SC

SC Senators Want Roads Agency Audited

LAWMAKERS WANT ANSWERS FROM S.C. TRANSPORTATION DEPARTMENT …  || By FITSNEWS || Twenty-three South Carolina State Senators – half of the “upper” chamber of the S.C. General Assembly – want the state’s mismanaged transportation bureaucracy to be placed under a microscope. The lawmakers – led by S.C. Senator Lee Bright…

LAWMAKERS WANT ANSWERS FROM S.C. TRANSPORTATION DEPARTMENT … 

|| By FITSNEWS || Twenty-three South Carolina State Senators – half of the “upper” chamber of the S.C. General Assembly – want the state’s mismanaged transportation bureaucracy to be placed under a microscope.

The lawmakers – led by S.C. Senator Lee Bright – sent a letter to the S.C. Legislative Audit Council (SCLAC) last week urging the oversight agency to “conduct a comprehensive audit of the Department of Transportation.”

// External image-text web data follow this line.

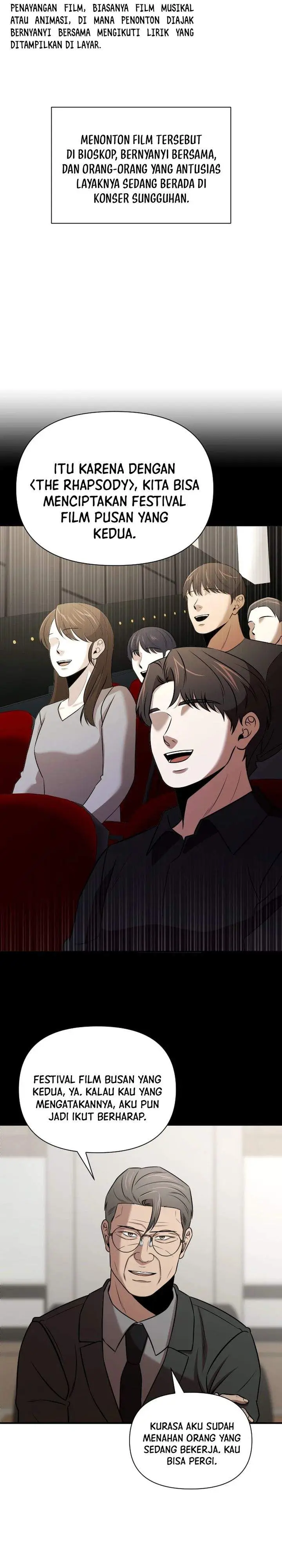 image-komik-when-a-genius-office-worker-goes-too-far-chapter-35-14/29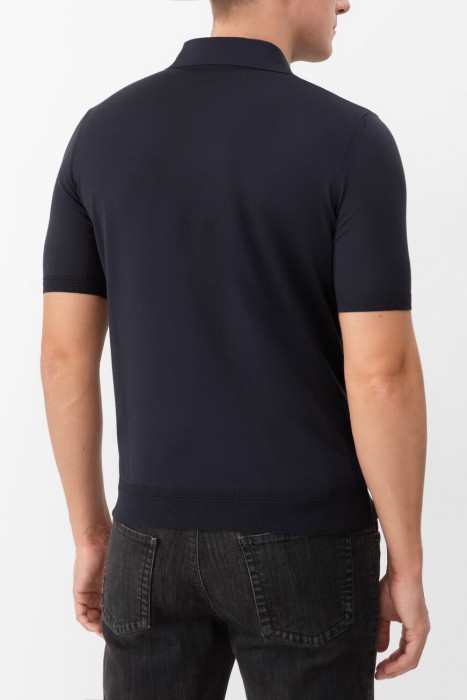 поло  по цене 79200 руб вид справа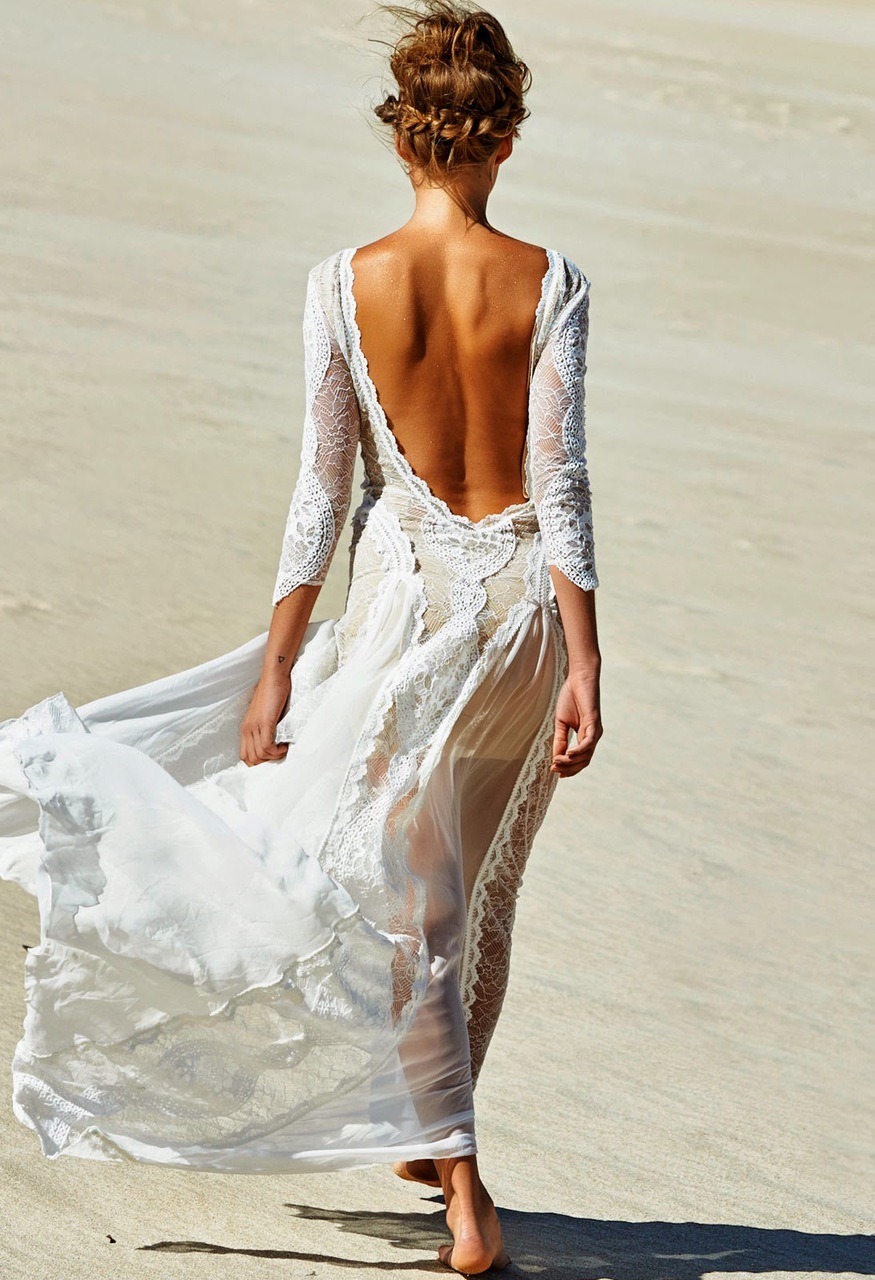 white, love, summer and lace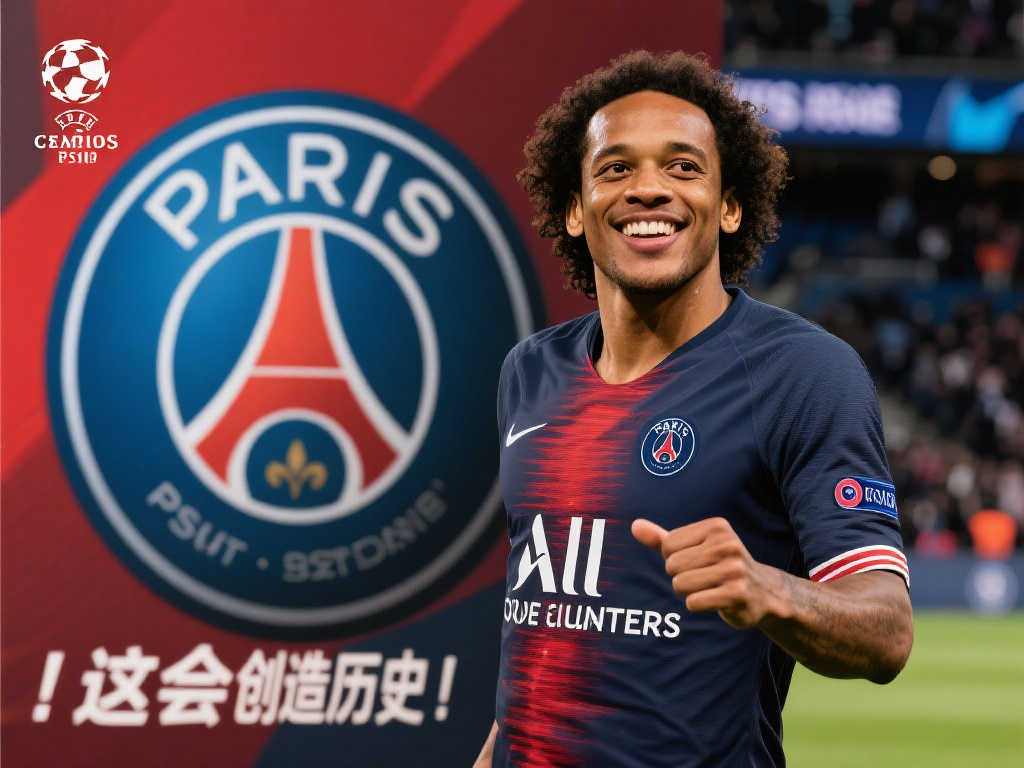 因值得深究 因值得深究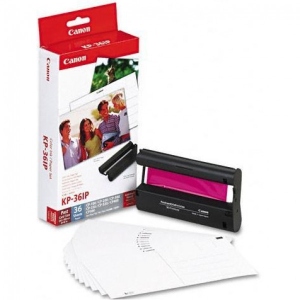 Canon KP-36IP (7737A001)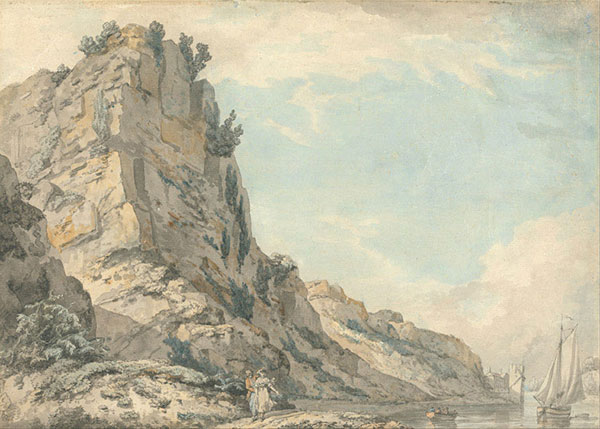 Landscape for JAHRRIESNGE sea-lpf00993 Landscape JAHRRIESNGE for sea-lpf00993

Specifically, the audit request seeks “the actual level of funding that the department receives from all sources and how that funding changed since (FY 2005-06).”  It also seeks a list of all S.C. Department of Transportation (SCDOT) expenditures including “any irregularities among expenditures and any areas of wasteful expenditures the department has failed to curtail.”

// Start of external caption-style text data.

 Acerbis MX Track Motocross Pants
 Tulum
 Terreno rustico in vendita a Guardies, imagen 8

Furthermore, the Senators ask the auditors to determine whether the agency has “followed the letter and spirit” of the 2007 SCDOT reform effort – which was supposed to prioritize projects based on need, not politics.

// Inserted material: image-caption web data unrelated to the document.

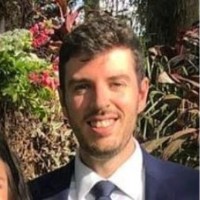 DIA Brasil Employee Renato Dallora's profile photo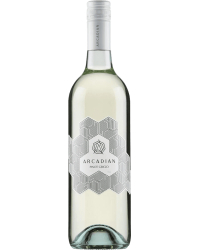 arcadian pinot grio -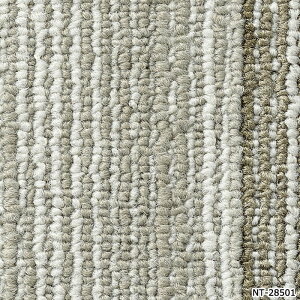 �^�C���J�[�y�b�g ���{�� �h�� �h�� ���d �p�l���J�[�y�b�g ��50×50cm 16������ �t���[���C�� D NT-2850 D-eco (R) FLOW LINE �_�u���G�R ���K�i �h�� ���� DIY �͗l�ւ� �����z�� �V����
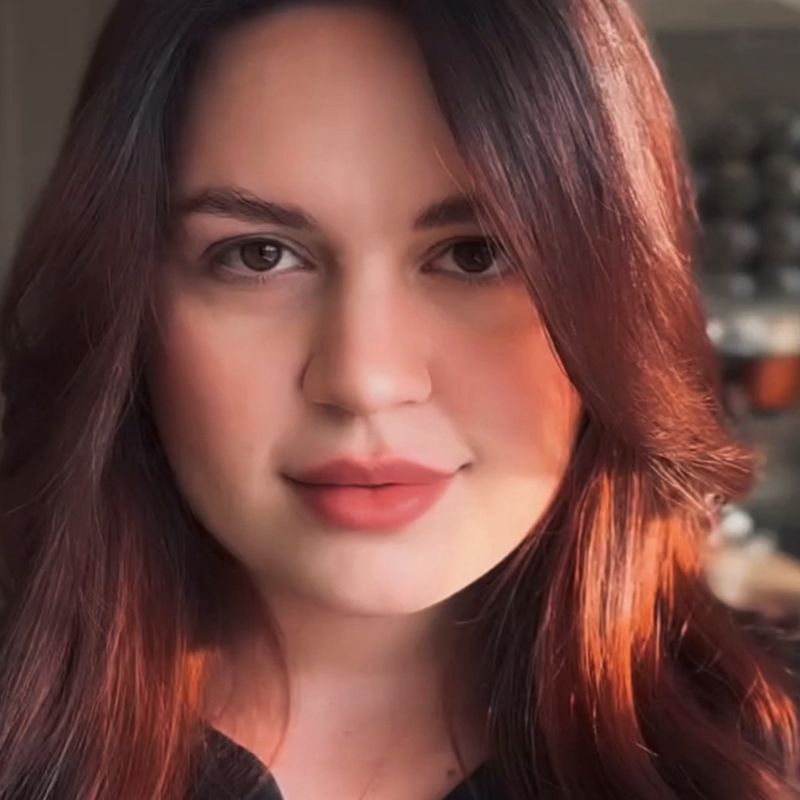 Екатерина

Clearly that reform didn’t take … as this website first began exposing in the spring of 2011.

Since then things have clearly gotten worse … with lawmakers so far only proposing to throw more money at the problem.

Oh well … at least they are finally asking how much they’ve already thrown at the problem (with abysmal results).

SCDOT AUDIT REQUEST (.pdf)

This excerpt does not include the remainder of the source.